**WORK TO COMPLETE**
Give back exactly the lines of the entries below from the line with "No Matter How" to the line with "寸衫女设计感小众春季女款单穿上衣长袖衬衣外穿韩版小个子高级感", inclusive, and only those.
==== INPUT ====
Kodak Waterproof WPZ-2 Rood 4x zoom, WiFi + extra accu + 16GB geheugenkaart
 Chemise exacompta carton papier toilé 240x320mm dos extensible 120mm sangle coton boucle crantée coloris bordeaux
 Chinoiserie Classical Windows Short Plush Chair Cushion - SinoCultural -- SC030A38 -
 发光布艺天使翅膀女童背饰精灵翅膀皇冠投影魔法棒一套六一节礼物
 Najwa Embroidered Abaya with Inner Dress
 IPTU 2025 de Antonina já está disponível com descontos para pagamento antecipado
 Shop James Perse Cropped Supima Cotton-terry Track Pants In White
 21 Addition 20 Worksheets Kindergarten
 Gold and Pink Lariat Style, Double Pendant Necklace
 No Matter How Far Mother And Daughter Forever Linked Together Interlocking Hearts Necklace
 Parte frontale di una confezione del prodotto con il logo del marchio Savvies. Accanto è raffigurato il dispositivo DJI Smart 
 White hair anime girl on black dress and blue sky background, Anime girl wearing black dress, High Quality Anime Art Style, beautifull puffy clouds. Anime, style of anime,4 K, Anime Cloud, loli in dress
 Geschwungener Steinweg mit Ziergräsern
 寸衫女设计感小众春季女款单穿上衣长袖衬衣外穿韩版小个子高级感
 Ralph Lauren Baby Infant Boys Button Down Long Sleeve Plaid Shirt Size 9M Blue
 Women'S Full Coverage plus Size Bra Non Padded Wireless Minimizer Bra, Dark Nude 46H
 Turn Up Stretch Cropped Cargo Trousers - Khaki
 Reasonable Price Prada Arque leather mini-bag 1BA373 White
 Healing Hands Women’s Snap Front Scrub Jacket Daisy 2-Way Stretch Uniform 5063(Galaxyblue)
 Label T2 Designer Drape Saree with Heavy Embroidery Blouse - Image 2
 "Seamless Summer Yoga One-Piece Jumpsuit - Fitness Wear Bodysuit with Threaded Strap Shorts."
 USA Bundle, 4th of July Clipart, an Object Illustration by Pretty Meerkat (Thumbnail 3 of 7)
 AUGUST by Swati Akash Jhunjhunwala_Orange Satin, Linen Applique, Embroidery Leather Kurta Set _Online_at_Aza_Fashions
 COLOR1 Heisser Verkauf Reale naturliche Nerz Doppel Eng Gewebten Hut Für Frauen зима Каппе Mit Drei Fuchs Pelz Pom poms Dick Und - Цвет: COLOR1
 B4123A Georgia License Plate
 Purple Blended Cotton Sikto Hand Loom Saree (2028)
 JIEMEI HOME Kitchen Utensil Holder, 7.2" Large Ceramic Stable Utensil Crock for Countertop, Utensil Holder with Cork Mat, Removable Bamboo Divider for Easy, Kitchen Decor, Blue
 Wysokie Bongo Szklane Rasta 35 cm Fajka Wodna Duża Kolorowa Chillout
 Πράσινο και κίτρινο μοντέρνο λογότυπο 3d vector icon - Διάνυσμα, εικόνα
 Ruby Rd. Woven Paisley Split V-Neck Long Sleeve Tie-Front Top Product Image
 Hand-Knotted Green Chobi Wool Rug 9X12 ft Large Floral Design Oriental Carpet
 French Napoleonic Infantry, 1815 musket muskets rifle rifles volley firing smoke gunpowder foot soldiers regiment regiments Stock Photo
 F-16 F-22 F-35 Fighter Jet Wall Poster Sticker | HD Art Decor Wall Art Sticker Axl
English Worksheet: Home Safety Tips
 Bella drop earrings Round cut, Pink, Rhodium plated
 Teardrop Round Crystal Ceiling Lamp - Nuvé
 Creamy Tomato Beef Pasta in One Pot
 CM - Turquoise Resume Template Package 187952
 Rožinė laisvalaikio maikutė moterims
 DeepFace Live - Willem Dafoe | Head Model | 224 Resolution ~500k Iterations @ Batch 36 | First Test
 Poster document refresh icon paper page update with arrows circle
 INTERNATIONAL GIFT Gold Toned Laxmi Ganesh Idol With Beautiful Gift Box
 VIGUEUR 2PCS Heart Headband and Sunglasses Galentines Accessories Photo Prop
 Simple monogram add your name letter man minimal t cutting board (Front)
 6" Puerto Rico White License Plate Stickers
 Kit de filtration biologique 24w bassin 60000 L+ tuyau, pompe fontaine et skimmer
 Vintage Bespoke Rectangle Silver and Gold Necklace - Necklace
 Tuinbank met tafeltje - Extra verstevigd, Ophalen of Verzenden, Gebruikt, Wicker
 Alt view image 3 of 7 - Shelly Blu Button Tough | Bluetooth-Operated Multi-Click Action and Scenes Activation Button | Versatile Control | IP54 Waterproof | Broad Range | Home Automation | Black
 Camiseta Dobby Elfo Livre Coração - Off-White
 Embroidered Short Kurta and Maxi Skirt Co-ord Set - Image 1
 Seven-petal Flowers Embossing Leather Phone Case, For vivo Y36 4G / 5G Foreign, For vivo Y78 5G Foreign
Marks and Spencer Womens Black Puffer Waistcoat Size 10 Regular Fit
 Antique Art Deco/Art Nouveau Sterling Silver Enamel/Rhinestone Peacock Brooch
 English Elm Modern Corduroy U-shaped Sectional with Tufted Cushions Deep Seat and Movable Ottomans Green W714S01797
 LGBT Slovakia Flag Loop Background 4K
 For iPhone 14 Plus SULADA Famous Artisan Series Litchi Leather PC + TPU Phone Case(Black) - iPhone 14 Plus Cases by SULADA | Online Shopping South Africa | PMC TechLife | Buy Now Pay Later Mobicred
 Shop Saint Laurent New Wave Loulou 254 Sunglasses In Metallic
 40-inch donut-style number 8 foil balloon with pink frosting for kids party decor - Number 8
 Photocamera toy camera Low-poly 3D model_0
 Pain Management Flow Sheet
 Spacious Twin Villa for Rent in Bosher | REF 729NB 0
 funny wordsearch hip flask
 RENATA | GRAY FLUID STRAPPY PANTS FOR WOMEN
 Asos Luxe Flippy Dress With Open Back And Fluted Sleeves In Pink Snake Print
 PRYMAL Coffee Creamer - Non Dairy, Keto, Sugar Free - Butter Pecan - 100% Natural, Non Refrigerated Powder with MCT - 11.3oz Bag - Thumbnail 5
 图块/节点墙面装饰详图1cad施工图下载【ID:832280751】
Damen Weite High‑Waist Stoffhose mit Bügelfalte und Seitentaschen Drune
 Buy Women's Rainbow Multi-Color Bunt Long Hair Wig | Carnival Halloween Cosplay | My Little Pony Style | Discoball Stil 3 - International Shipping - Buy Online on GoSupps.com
====
**TASK RESPONSE**
 No Matter How Far Mother And Daughter Forever Linked Together Interlocking Hearts Necklace
 Parte frontale di una confezione del prodotto con il logo del marchio Savvies. Accanto è raffigurato il dispositivo DJI Smart 
 White hair anime girl on black dress and blue sky background, Anime girl wearing black dress, High Quality Anime Art Style, beautifull puffy clouds. Anime, style of anime,4 K, Anime Cloud, loli in dress
 Geschwungener Steinweg mit Ziergräsern
 寸衫女设计感小众春季女款单穿上衣长袖衬衣外穿韩版小个子高级感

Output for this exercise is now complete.